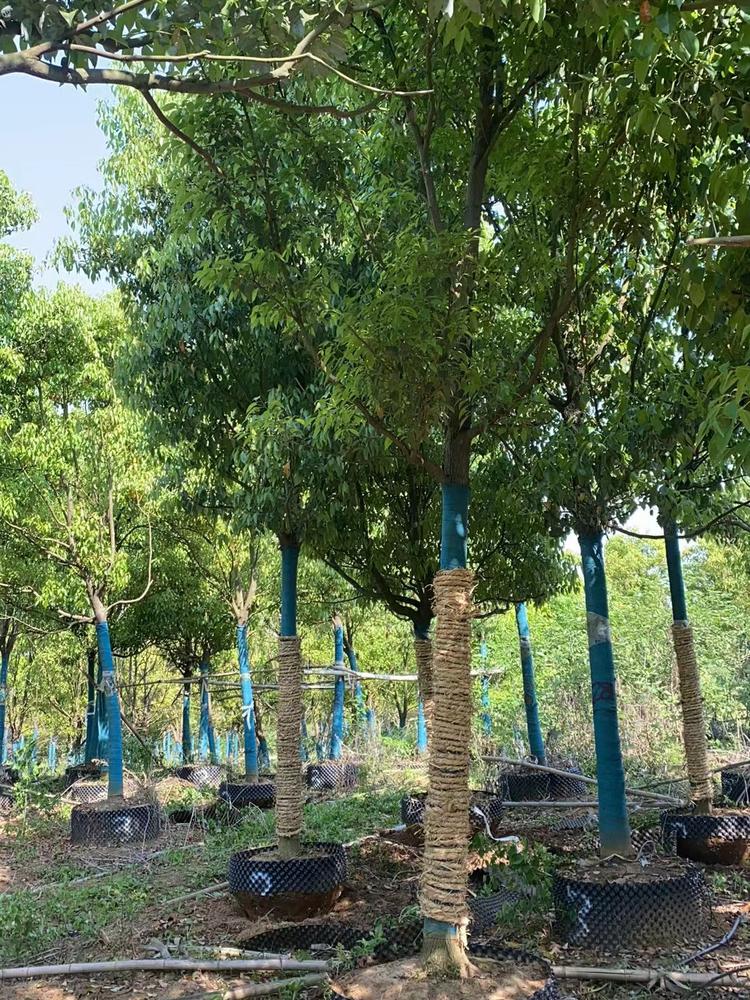 香樟苗木展示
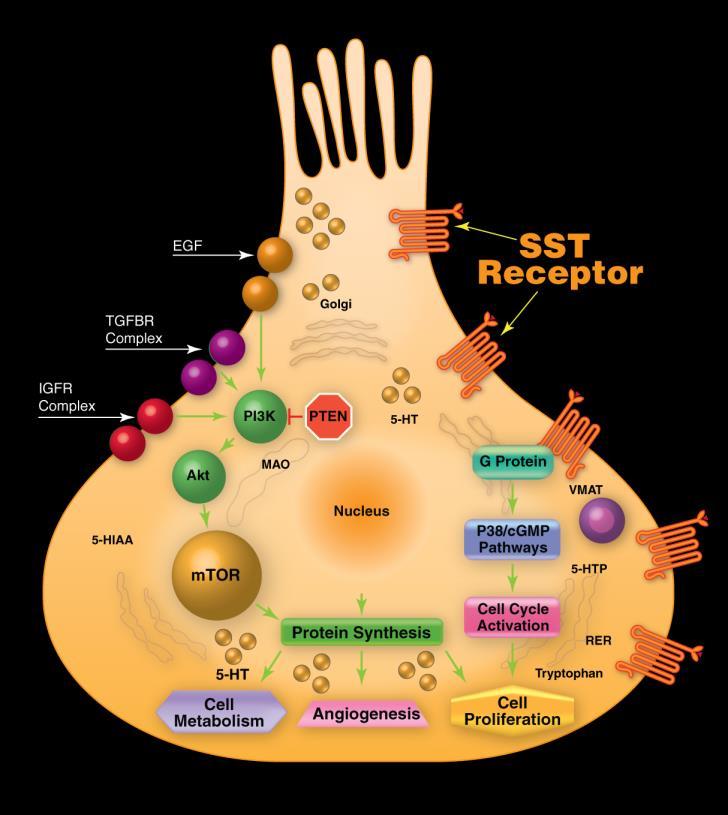 Somatostatin receptors highly expressed by NETs Targeting SST receptors can provide symptom and disease control New targets could change treatment paradigm mtor, PI3K,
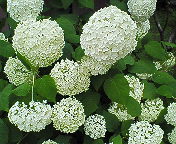 ファイル 569-1.jpg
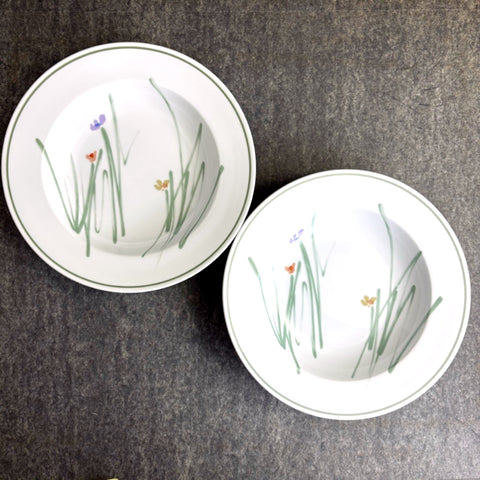 Bob Van Allen for Mikasa Metro Sketch Book 9" rim soup bowls - set of 2 - discontinued pattern - NextStage Vintage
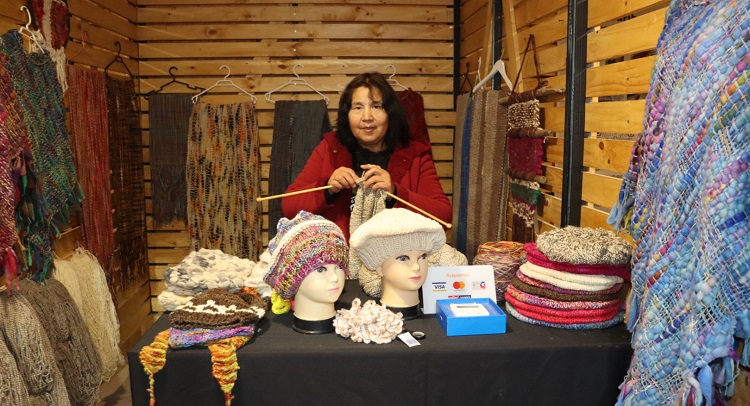 Expo Invierno Lago Ranco 3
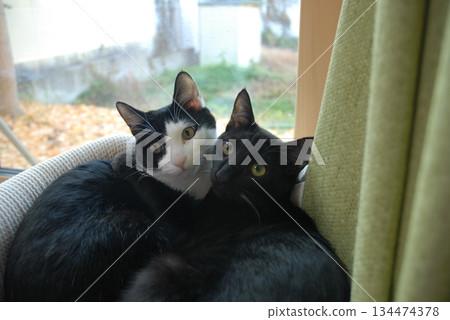 兩隻小貓依偎在窗邊，望著窗外看著我。 134474378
---------------
> [WHAT YOU NEED TO DO] Reproduce exactly and only the lines from the "ファイル 569-1.jpg" line to the last line of the records above. Do not carry over any pictures.

> [ANSWER TO THIS EXERCISE]
 ファイル 569-1.jpg
 Bob Van Allen for Mikasa Metro Sketch Book 9" rim soup bowls - set of 2 - discontinued pattern - NextStage Vintage
 Expo Invierno Lago Ranco 3
 兩隻小貓依偎在窗邊，望著窗外看著我。 134474378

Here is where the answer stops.